The Jayhawks, 20-point underdogs, need to find a way to end this endless streak Saturday in Memphis because the all-time college football roadkill record is drawing so close you can almost smell it.

Western State in Gunnison, Colo., which now plays out of the Div. II Rocky Mountain Athletic Conference, lost 44 road contests in a row from Oct. 2, 1926 through Nov. 7, 1936.

In order, this season’s Big 12 road foes for Kansas are Texas Tech, Baylor, Oklahoma, West Virginia and Kansas State. Kansas lost at those five schools two years ago by an average score of 54-14, coming closest in Lubbock with a 34-21 setback.

Losing Saturday would move KU into a third-place tie with Sewanee University, a founding member of the mighty SEC. So ashamed of its fruitless football program was the Tennessee school that it left the conference and now competes in Div. III.

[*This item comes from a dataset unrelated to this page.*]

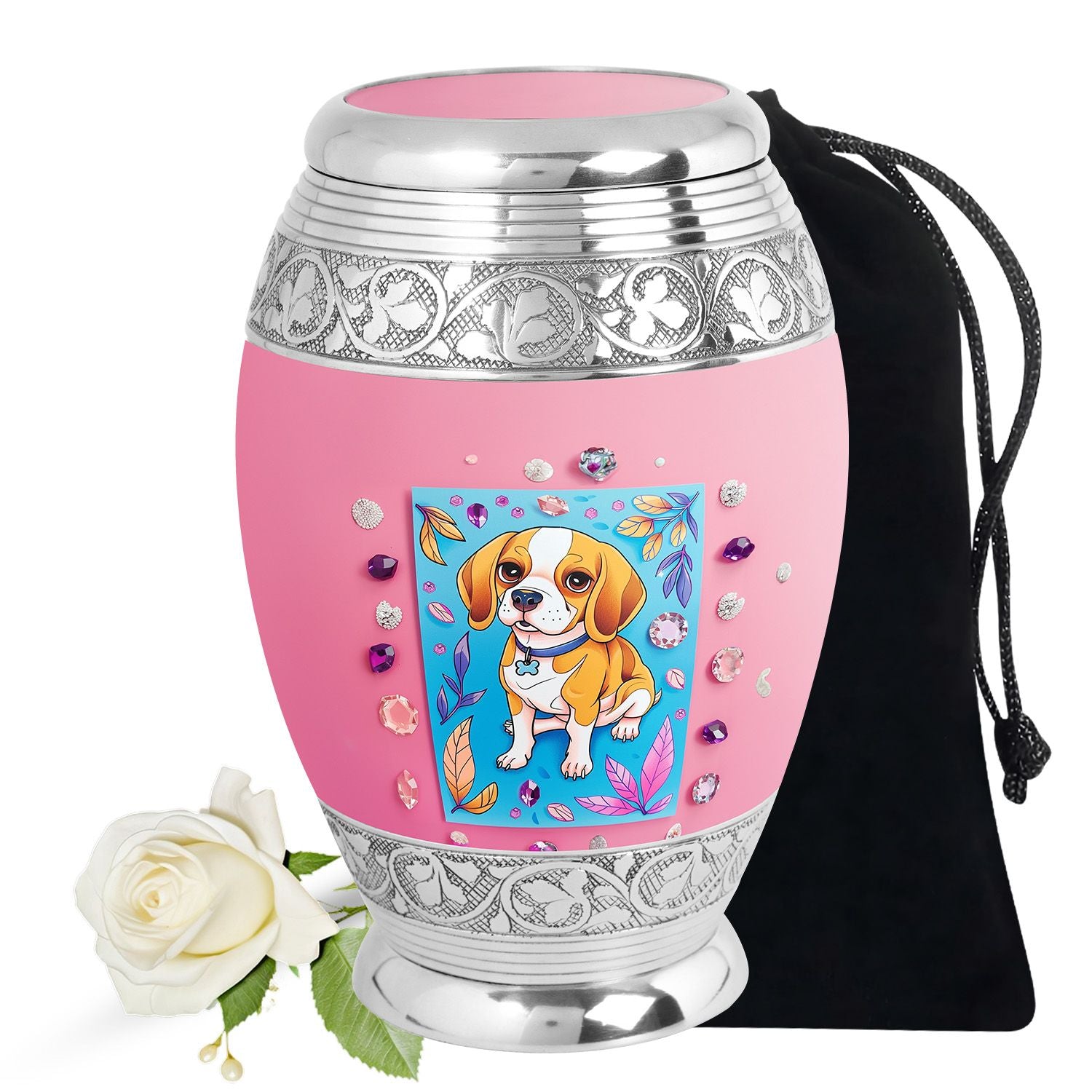Dog Urn Keepsake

A loss in Memphis and then Lubbock would put Kansas in a tie for second with the Shockers. If the streak continues all the way to Waco and the Jayhawks lose to Baylor, they stand alone in second place. I fear that the crowd for the Oklahoma State game in Lawrence might be so small that head coach David Beaty will announce in the post-game media session that he will take over ticket sales.

It’s a heavy burden on Beaty and his young squad, which can’t be blamed for a streak that started when starting right tackle Hakeem Adeniji was in sixth grade and starting right guard Mesa Riobardy was in seventh grade. But upsets do happen and Kansas does have speedy playmakers.

If the Jayhawks don’t deliver a road upset this season, they’ll take a 41-game freefall into Athens, Ohio, to take another shot at Frank Solich’s Bobcats.

After that, assuming the schedule isn’t revised to accommodate for possible Big 12 expansion, five conference road games await. A loss to Ohio would make 42 in a row, at which point Beaty might take the wheel of the equipment truck or team bus to try to change the team’s luck.

Beaty need not look outside the state borders to find two coaches at the top of the coaching profession who were in desperate need of victories early in their careers.

Snyder lost his first 13 road games before unloading on Iowa State in Ames in 1991, 37-7. KU basketball coach Bill Self had a losing streak that reached 18 games and ended in the fourth game of his second season at Oral Roberts. He constantly reminded his players that their streak was only three games and his was 18.

Beaty’s road losing streak at Kansas stands at five. Many of the Jayhawks who take the Liberty Bowl Field on Saturday have a zero-game road losing streak. They can’t be blamed for the historic slide, but can come back to Lawrence to a hero’s welcome should they end it. In a way, that should make them feel as if they’re playing with the house’s money, never a bad feeling, one that can make for a dangerous opponent to a heavily favored home team.